Reaching the body, she found what appeared to be a pair of black serpents swimming lazily about a bloated, jellyfish version of a large rubber doll, slick and ballooned up. She instantly realized that the black asps coiled near the body were in fact lengths of hefty nylon rope, one coiled tightly about the neck, the other wound about the wrists, which Jessica could only surmise since she could not see the wrists. The corpse floated facedown, on its stomach, the hands somewhere below. She’d either have to fish for them or tug on the detestable rope that had been used to kill the victim.
She instantly saw that the body had been in the water from two to possibly three weeks, and she was grateful both that it hadn’t been there longer and that the corpse lay facedown for now.
There appeared to be no superficial gashes to indicate shark attack. Even as a child, Jessica had been both horrified and shockingly fascinated by the sort of quick death the powerful jaws of a shark might bring, like the mindless devastation of a lightning strike or a blow from a speeding truck. She had always been interested in the myriad shapes and convolutions taken by the Grim Reaper to ply His trade of finality. This eerie predilection had led her to push and push her father for details about his time in the war, what he had seen, experienced and done as a medical officer. For many years, he ignored her requests, denying her any such information, not wanting to relive the horrors of the war, but when he realized that she was serious about going into medicine, about following in his footsteps to become a medical examiner, he began to come around. He began to tell her the truth, quoting Antoine de Saint-Exupery, saying, “Horror really can’t be talked about because it’s alive, because it’s mute and goes on growing: Memory-wounding pain drips by day, drips in sleep.” When she continued to prove her genuine interest, he had told her that he had seen every kind of wound imaginable, had seen bodies without limbs or heads; but the bodies which disturbed his sleep the most, he had confessed, were the floaters. He had been in both Korea and Vietnam, where he was part of a M.A.S.H. team, and he’d seen the result of many a battle; he had also seen many a man whose body had gone waiting for attention as the war raged on, many dying in rivers and lagoons deep in the jungle, a world from anywhere.
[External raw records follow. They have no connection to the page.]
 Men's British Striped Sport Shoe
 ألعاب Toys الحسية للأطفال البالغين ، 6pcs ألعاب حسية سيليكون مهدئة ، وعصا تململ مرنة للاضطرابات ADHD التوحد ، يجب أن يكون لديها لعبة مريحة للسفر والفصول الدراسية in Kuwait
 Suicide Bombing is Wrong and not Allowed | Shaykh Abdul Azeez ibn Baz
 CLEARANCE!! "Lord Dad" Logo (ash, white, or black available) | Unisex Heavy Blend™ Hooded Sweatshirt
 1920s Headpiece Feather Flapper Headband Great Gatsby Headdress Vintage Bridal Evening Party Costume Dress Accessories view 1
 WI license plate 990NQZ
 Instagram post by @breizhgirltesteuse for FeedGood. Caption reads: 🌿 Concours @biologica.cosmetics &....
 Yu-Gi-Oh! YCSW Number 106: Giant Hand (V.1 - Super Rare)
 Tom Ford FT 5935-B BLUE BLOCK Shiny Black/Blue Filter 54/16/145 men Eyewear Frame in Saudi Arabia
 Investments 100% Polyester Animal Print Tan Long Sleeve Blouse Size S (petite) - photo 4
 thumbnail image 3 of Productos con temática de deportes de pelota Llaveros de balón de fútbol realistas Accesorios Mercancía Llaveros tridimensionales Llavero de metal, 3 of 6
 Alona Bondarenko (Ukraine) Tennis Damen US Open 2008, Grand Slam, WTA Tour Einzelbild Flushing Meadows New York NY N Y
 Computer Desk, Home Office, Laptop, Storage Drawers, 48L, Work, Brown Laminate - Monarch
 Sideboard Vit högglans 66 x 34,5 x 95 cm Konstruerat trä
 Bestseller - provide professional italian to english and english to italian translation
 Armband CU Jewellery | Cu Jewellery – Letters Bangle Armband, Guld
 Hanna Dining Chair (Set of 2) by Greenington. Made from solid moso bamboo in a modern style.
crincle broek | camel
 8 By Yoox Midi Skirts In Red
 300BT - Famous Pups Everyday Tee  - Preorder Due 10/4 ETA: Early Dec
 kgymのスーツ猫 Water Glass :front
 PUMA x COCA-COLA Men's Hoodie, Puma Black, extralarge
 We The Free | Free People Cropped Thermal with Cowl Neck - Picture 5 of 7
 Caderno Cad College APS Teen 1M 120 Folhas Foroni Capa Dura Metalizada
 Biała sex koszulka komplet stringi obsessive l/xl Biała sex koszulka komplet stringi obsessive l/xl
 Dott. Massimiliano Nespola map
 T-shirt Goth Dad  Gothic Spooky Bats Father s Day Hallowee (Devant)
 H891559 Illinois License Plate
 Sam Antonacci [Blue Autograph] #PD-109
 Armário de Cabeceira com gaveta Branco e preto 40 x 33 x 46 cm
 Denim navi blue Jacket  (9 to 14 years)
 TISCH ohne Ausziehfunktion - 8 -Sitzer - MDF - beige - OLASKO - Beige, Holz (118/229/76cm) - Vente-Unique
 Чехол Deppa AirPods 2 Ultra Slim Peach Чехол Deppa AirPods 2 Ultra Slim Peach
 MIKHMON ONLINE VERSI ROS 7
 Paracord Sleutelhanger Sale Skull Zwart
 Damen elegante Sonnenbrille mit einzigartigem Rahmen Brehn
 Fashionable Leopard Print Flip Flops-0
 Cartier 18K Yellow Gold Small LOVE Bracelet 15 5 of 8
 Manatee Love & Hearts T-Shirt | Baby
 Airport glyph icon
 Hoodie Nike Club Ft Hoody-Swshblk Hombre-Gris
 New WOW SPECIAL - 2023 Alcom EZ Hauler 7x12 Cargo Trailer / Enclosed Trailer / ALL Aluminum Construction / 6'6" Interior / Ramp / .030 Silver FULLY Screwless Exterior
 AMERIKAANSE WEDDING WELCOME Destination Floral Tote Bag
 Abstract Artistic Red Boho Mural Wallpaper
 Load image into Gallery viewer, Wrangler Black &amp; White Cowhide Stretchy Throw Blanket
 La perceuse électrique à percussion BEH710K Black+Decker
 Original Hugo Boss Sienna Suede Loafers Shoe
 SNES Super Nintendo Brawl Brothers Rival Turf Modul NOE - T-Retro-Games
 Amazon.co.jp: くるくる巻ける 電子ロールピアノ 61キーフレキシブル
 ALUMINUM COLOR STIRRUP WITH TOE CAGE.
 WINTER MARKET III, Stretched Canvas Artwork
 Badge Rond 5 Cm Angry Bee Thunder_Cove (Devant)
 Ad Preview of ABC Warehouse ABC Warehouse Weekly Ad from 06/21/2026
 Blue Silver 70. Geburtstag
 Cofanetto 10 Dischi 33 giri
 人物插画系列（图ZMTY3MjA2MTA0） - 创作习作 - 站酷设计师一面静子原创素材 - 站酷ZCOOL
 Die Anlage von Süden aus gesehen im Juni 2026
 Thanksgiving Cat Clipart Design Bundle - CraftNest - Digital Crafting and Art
Here in sun-drenched Miami Beach, there were no long, dark lagoon shadows beneath which to bury the floating corpse, and the water was warm and alive-teeming with life. It saturated Jessica’s jeans and wrapped itself about her, catlike, filling her pores with its touch, this living saline ocean surf which foamed about her waist now where she stood. It wanted to be friends.
It also wanted to revive the dead girl, this life-asserting cradle she was nestled atop in a mockery of the fetal position, this amniotic fluid. That was why it kept lapping at this dead parcel, kept caressing it, licking at it like a favored pet anxious over its master. Yet this seemingly concerned licking was removing small parts of the deceased in infinitesimal increments with each incoming and outgoing tide. Neither time nor the tide was on Jessica’s side.